What does it mean to be made “in God’s image” in these mortal bodies? What moral implications arise from a serious engagement with the animal nature in which our rational self-awareness dwells? What part of our best selves is formed in the viscera? What is it for God’s image to live a bodily life, for each human animal to be a religious person?
Evolutionary theory has in the past 150 years confirmed what some of our keenest theologians have long known, that humans share a very close kinship with the animal world. Although our rational abilities and self-consciousness may distinguish us from the rest of the animal world, we nevertheless remain firmly embedded in that world in much of our human experience. From a “reptilian brain” to “animal magnetism” and from “loan sharks” to “wise owls,” our language reflects the degree to which animality still characterizes human life.
How does this affect our understanding of the dignity of human life, of being made “in God’s image?” What moral implications arise from a serious engagement with both our animal side and our rational, self-aware side? These and other questions are likely to emerge from our study together of key texts in Islam, Judaism, and Christianity.

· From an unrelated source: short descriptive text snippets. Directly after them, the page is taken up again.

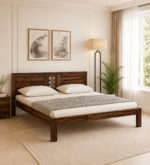 Orlena Sheesham Wood Bed Without Storage With Modern Headboard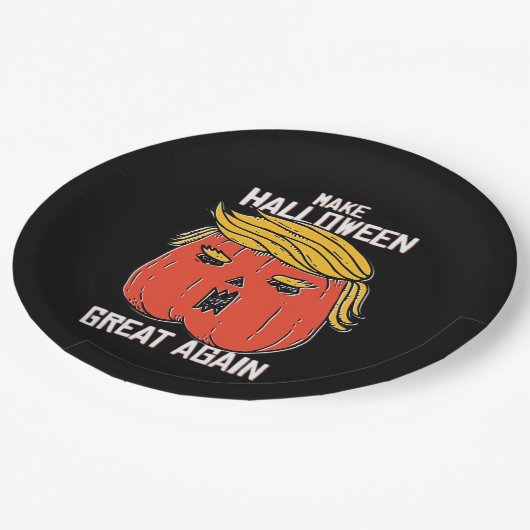 Trumpkin Halloween Great Again Classic - Retr Pappteller (Schrägansicht)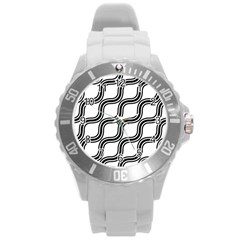 Diagonal Pattern Background Black And White Round Plastic Sport Watch (l) by Sapixe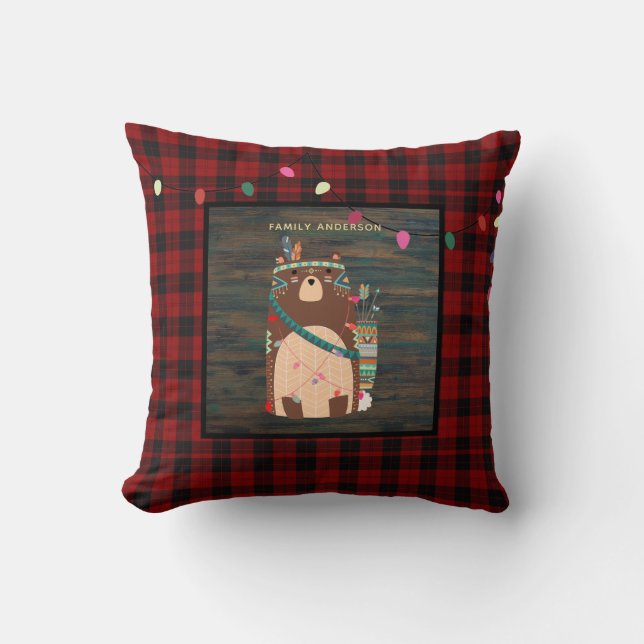 Kids Personalised Xmas Tribal Bear Buffalo Plaid Cushion (Front)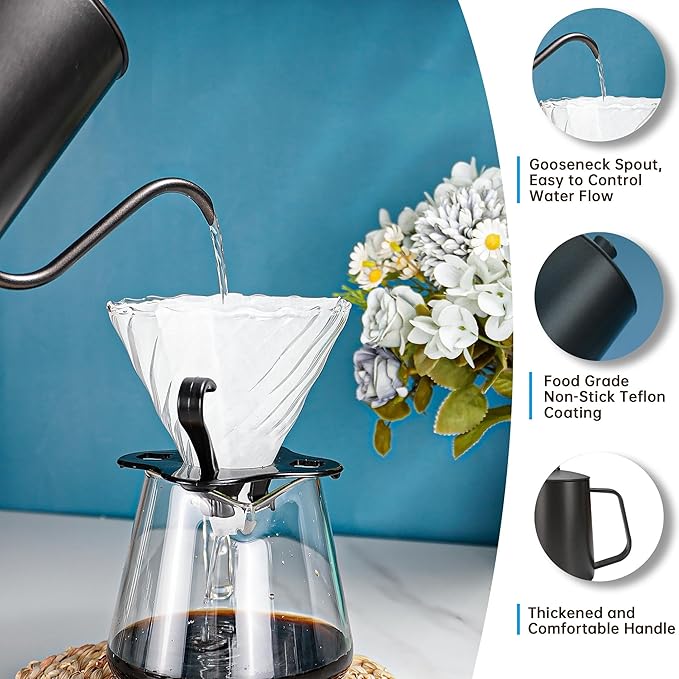 SuperCook Hand Drip Pour Over Coffee Set, All in One Includes Gooseneck Kettle, V60 Glass Dripper, Paper Filter, Cups, Manual Grinder, Scale, Ideal for Anniversary Birthday Gift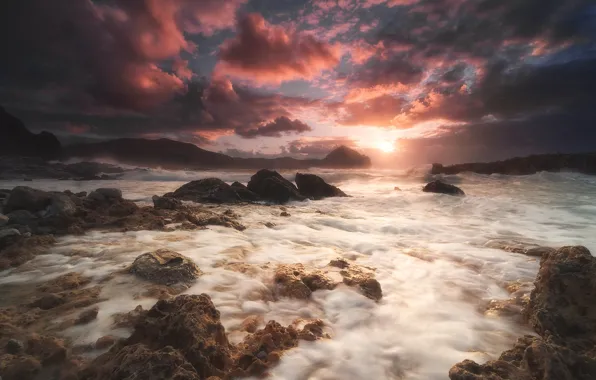 Picture sea, sunset, rocks, shore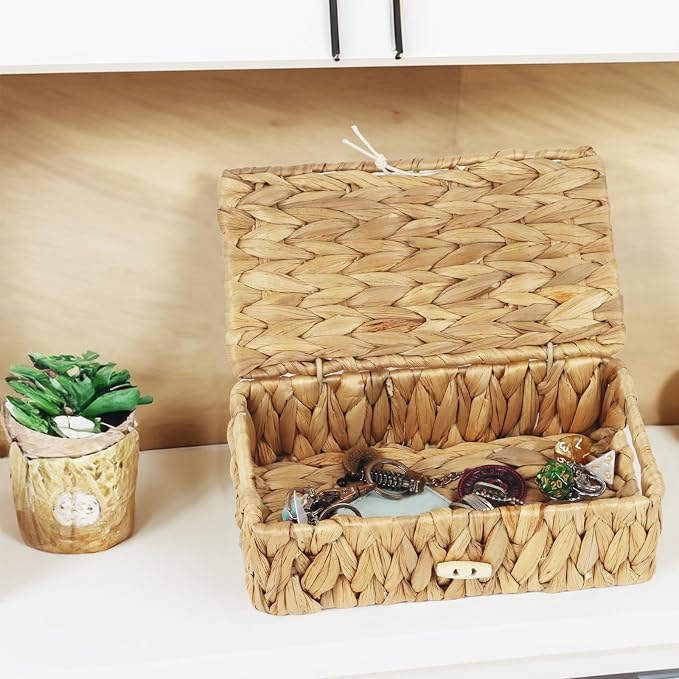 Small Basket with Lid, Wicker Storage Basket for Organizing, Rectangular Woven Basket for Storage, Water Hyacinth Decorative Boxes Bins with Lids (9" x 5.1" x 3") - Image 8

We do not presume that there is one approach to our animal nature that has, can or must work for every religious community. Rather, each must work out its own. In the heritage of the Hartman Institute’s theological work, therefore, we propose to do this work in the presence of one another. From both our similarities and our differences we can draw strength and insight for the task.
As in the past, the conference will again be organized around small-group study sessions involving participants from all three traditions (totaling five-eight persons). The groups will study key texts from each tradition, which will also serve as the raw materials for a plenary seminar discussion led by one of the conference participants.